This is a continuation of Journey into the Borg Hive: Parts One, Two, Three and Four of a SciFi Saga. This series is about a legal search project set sometime in the not too distant future. For a look at fifty years from now check out A Day in the Life of a Discovery Lawyer in the Year 2062: a Science Fiction Tribute to Ray Bradbury.
Deep Into Borg Territory
We were now entering the peak of the search project. The Borg team of eight drones had been reviewing machine selected documents for over a week. They were averaging 50 documents per hour, which was typical for them. They were able to review eight hours a day a piece, allowing ten-hour shifts to do so. That meant 3,200 documents per work day (8*50*8=3200). After five days of work and 320 hours of review time (they took the weekend off with my approval), they had reviewed 16,000 documents (3200*5=16000). Out of that total, only about 2,000 were coded relevant. There were proud of a job well done. They expected to review another 16,000 documents, at least.
They were paid by the hour and always hoped a project would go on longer than expected. They lacked any real motivation to work hard. They seemed perfectly happy to let the computer do all of the searching for them. They seemed satisfied not to have to think, or do anything but code what was put in front of them. Running searches on their own to find good documents was the last thing on their little hive mind. They did not care how many relevant documents were found. It was all the same to them. They were a perfect Borg review team. Just did what they were told.

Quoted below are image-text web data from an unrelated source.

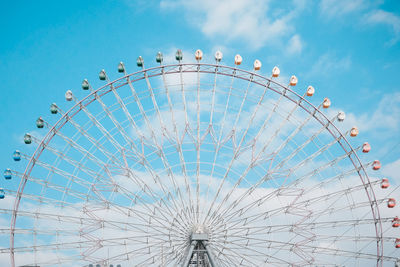 Low angle view of ferris wheel against cloudy sky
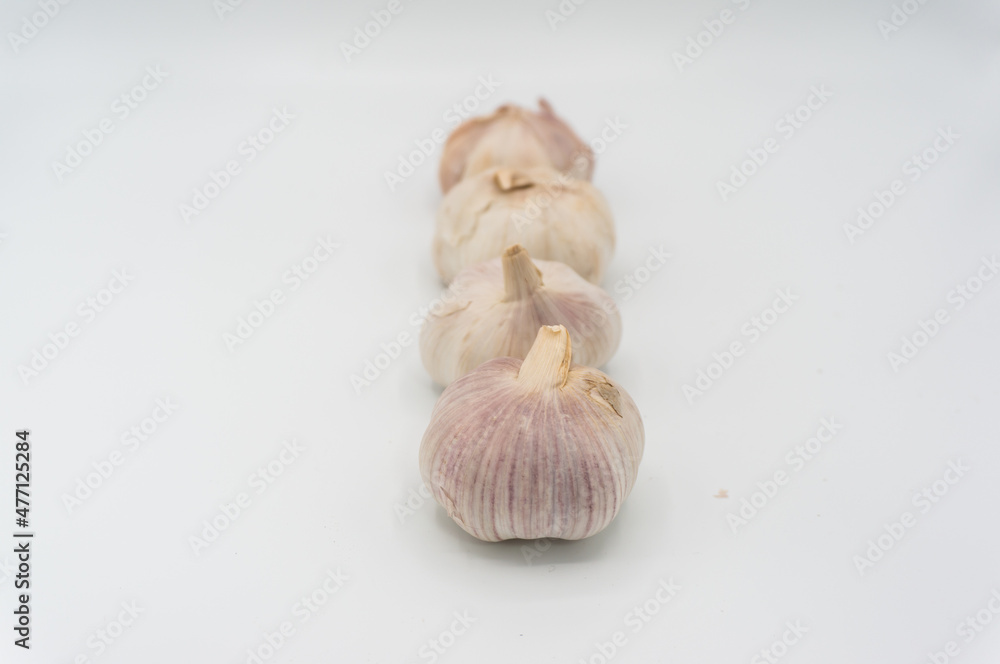 Ripe garlic in a straight line.Some garlic heads photographed against a white background. Still life shot. Purple and white garlic heads. Ripe garlic in a straight line.Some garlic heads photographed against a white background. Still life shot. Purple and white garlic heads.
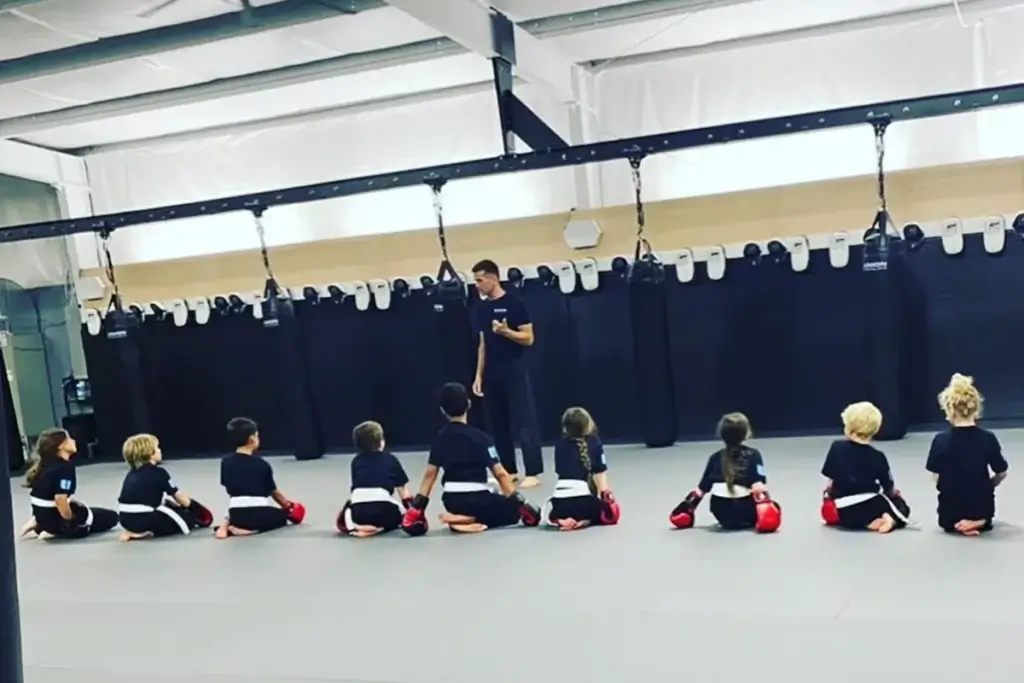 Coach Nolan teaching kickboxing class to kids.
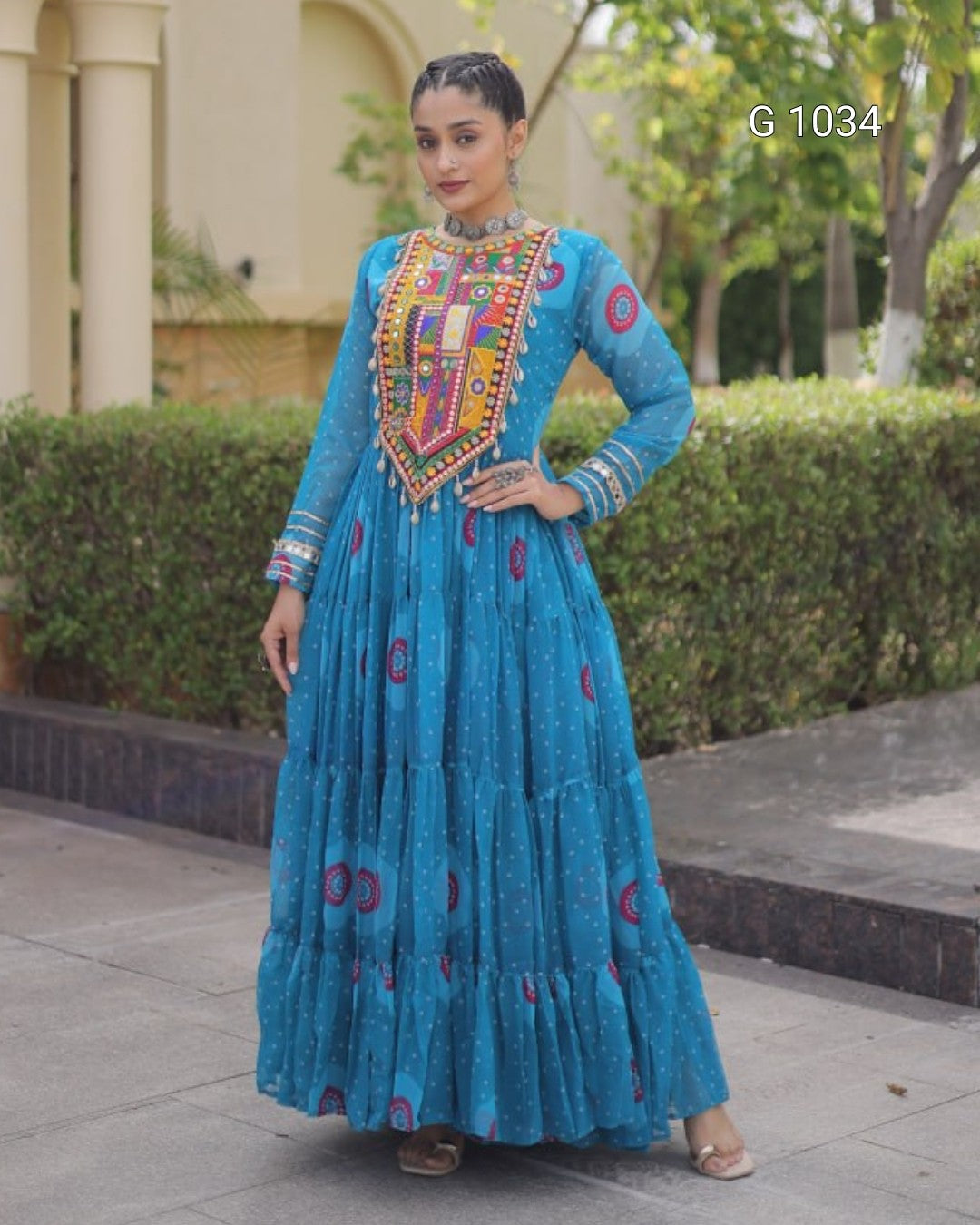 A woman modeling a traditional blue Anarkali gown with a heavily embroidered multicolor yoke and printed motifs on the tiered skirt, standing outdoors in front of a building and hedges.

I was deep into the hive mind at that point. They thought I was one of them. They did not know that I was an infiltrator. I smiled and nodded at their reviewer consistency quality control tests. They thought that satisfied my only concern of inconsistent reviewer coding. But I knew more than I let on. The truth is, I was more convinced than ever that even if all eight of their reviewers were consistent, a representation about which I doubted very much, their approach would still fail.
At this 16,000 document review point they had completed 16 iterations of machine training. They would review exactly 1,000 documents per round. Not a document more or less. I would be sent a report at each iteration point. The number of relevant documents found in each round of 1,000 would vary widely. Sometimes they would only find 4 documents. This is the number of documents you would expect blind chance to happen on in a document collection with a relevance yield of only 0.42%.
Many times several hundred of the thousand documents the computer put forward for the review team would in fact be relevant. Over the 16 rounds they averaged 125 relevant documents per round (2000/16=125). That was 12.5% of the 1,000 documents the Borg software selected for review. Not a particularly good overall precision rate. Still, they pointed to these indicators as positive for quality control. The average yield of 12.5% relevant was almost 30 times higher than a random chance yield of 0.42% (12.5/.42). That is what they focused on to try to reassure me.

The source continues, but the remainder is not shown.